WHAT TO DO: Give again, exactly and without pictures, the lines running from the line with "Cover image of" to the end of the records below.

(Image-caption web data)
++++++

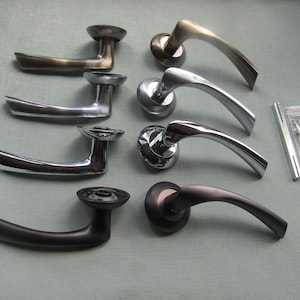 May include: Six different door handles in various finishes, including brass, chrome, and black. The handles are all in the same style, with a curved lever and a round base.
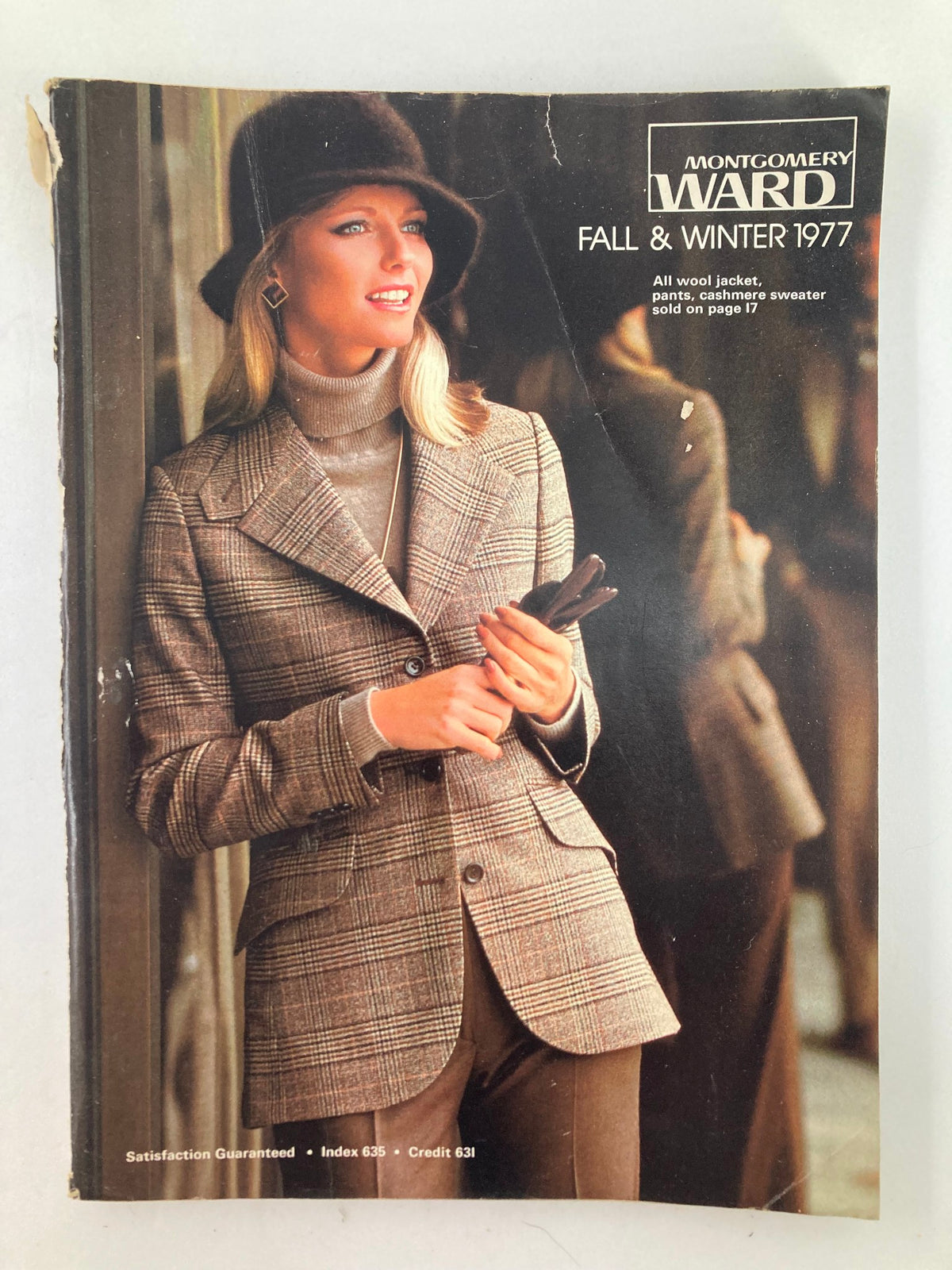 Cover image of the 1977 Fall & Winter Montgomery Ward & Co. Catalog featuring a fashionable woman in a plaid wool jacket and hat, showcasing classic fall fashion styles from the late 1970s.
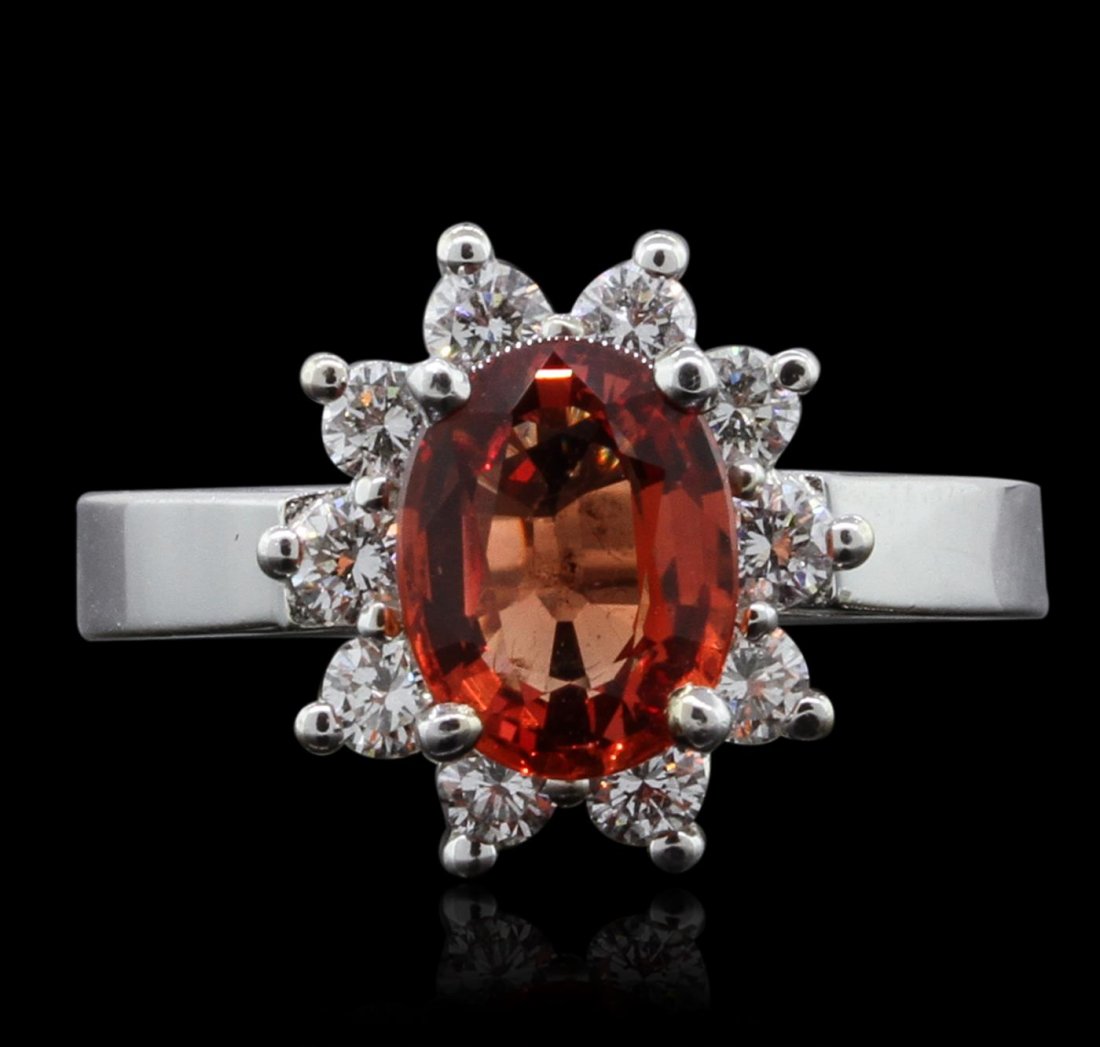 14KT White Gold 2.24ct Orange Sapphire and Diamond Ring: One electronically tested 14KT white gold lady's combination cast & assembled ring with a bright polish finish. Identified with markings of "14K". Condition is new. Containing: One prong set oval modi
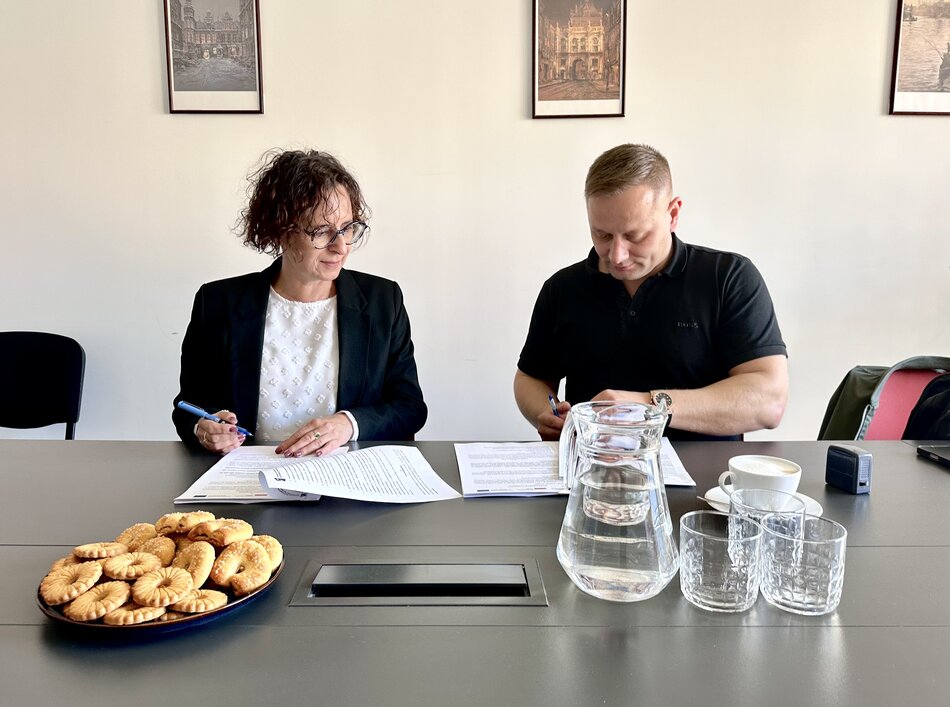 Po lewej siedzi kobieta w ciemnej marynarce, jasnej bluzce i okularach, po prawej mężczyzna w ciemnej koszulce, a przed nimi na stole leżą dokumenty, stoi dzbanek z wodą i widać talerz z ciastkami.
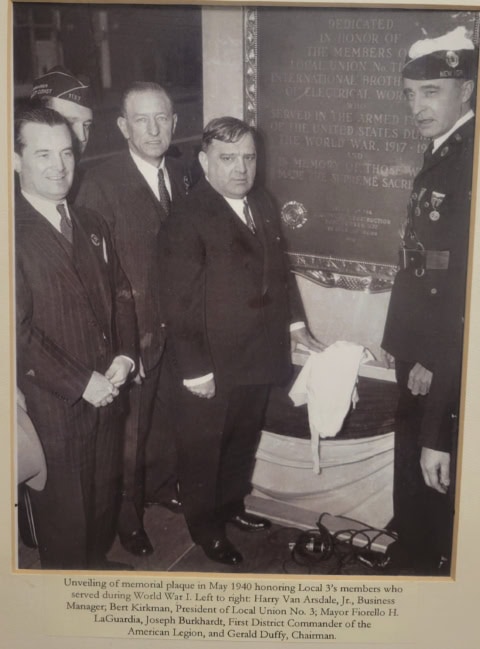 Unveiling memorial plaque honoring union members and veterans.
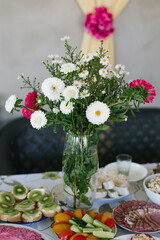 A bouquet of homemade asters in a glass vase in the decor of a country banquet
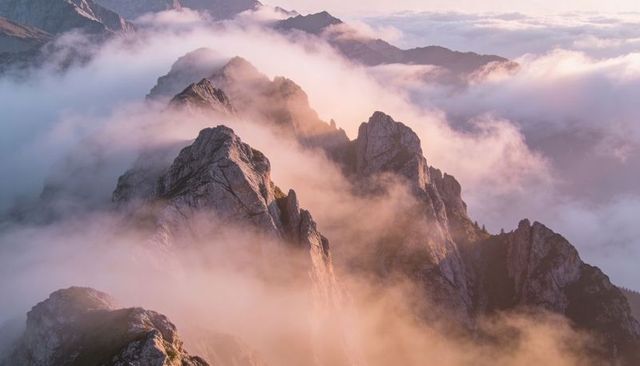 Ridge of jagged alpine peaks piercing glowing mist at sunrise, dramatic mountain panorama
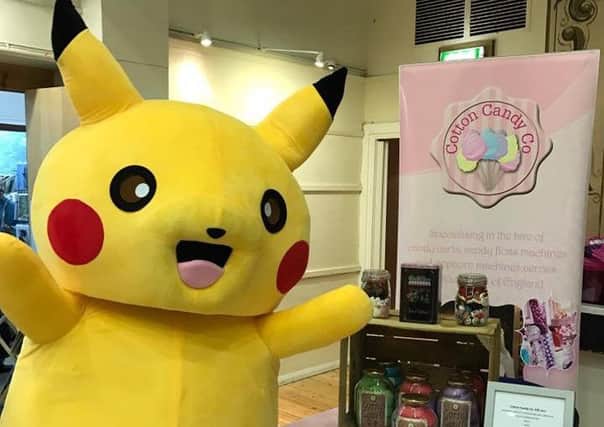 Pikachu welcomes visitors to Battle Christmas Market SUS-161116-100310001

++++++

SOLUTION TO THE PROBLEM:
 Cover image of the 1977 Fall & Winter Montgomery Ward & Co. Catalog featuring a fashionable woman in a plaid wool jacket and hat, showcasing classic fall fashion styles from the late 1970s.
 14KT White Gold 2.24ct Orange Sapphire and Diamond Ring: One electronically tested 14KT white gold lady's combination cast & assembled ring with a bright polish finish. Identified with markings of "14K". Condition is new. Containing: One prong set oval modi
 Po lewej siedzi kobieta w ciemnej marynarce, jasnej bluzce i okularach, po prawej mężczyzna w ciemnej koszulce, a przed nimi na stole leżą dokumenty, stoi dzbanek z wodą i widać talerz z ciastkami.
 Unveiling memorial plaque honoring union members and veterans.
 A bouquet of homemade asters in a glass vase in the decor of a country banquet
 Ridge of jagged alpine peaks piercing glowing mist at sunrise, dramatic mountain panorama
 Pikachu welcomes visitors to Battle Christmas Market SUS-161116-100310001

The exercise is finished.